◆ **INFORMATION SUPPLIED**
══════

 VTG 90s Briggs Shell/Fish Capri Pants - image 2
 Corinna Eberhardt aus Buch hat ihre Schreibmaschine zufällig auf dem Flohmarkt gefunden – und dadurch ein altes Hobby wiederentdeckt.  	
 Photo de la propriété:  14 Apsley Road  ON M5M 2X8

══════

◆ **TASK DIRECTIONS**
Nothing should be left out or altered, so reproduce the whole listing.

◆ **OUTPUT BELOW**
 VTG 90s Briggs Shell/Fish Capri Pants - image 2
 Corinna Eberhardt aus Buch hat ihre Schreibmaschine zufällig auf dem Flohmarkt gefunden – und dadurch ein altes Hobby wiederentdeckt.  	
 Photo de la propriété:  14 Apsley Road  ON M5M 2X8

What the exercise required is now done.